» **TASK STATEMENT**: In the entries below, find the line containing "1GKDT13S982146221 - 2008". Write out that line and all lines after it, exactly, and nothing else.

[Saved data entries]
......

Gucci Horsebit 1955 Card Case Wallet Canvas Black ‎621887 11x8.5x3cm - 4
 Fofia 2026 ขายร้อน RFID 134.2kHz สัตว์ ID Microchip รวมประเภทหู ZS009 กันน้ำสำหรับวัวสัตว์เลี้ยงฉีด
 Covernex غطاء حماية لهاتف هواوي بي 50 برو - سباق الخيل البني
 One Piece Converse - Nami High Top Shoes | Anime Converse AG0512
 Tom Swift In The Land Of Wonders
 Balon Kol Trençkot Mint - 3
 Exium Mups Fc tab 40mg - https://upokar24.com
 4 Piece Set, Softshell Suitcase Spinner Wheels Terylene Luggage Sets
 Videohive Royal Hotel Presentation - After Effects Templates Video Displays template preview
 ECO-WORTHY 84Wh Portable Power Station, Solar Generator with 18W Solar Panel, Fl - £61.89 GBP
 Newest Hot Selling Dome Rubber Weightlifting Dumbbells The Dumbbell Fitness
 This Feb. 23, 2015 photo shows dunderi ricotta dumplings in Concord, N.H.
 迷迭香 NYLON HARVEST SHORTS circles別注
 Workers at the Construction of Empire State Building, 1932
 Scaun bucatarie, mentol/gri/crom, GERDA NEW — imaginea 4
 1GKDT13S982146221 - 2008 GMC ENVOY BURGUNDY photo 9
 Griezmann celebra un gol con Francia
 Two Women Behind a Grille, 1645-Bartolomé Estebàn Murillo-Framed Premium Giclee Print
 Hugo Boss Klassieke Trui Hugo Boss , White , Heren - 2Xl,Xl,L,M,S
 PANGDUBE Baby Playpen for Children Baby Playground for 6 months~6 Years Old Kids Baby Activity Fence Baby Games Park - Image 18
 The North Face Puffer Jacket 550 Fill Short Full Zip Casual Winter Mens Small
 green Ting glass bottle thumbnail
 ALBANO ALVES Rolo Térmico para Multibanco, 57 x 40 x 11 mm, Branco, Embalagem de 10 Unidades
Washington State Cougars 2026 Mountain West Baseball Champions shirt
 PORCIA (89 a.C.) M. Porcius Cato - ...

......

» **EXERCISE ANSWER**:
 1GKDT13S982146221 - 2008 GMC ENVOY BURGUNDY photo 9
 Griezmann celebra un gol con Francia
 Two Women Behind a Grille, 1645-Bartolomé Estebàn Murillo-Framed Premium Giclee Print
 Hugo Boss Klassieke Trui Hugo Boss , White , Heren - 2Xl,Xl,L,M,S
 PANGDUBE Baby Playpen for Children Baby Playground for 6 months~6 Years Old Kids Baby Activity Fence Baby Games Park - Image 18
 The North Face Puffer Jacket 550 Fill Short Full Zip Casual Winter Mens Small
 green Ting glass bottle thumbnail
 ALBANO ALVES Rolo Térmico para Multibanco, 57 x 40 x 11 mm, Branco, Embalagem de 10 Unidades
Washington State Cougars 2026 Mountain West Baseball Champions shirt
 PORCIA (89 a.C.) M. Porcius Cato - ...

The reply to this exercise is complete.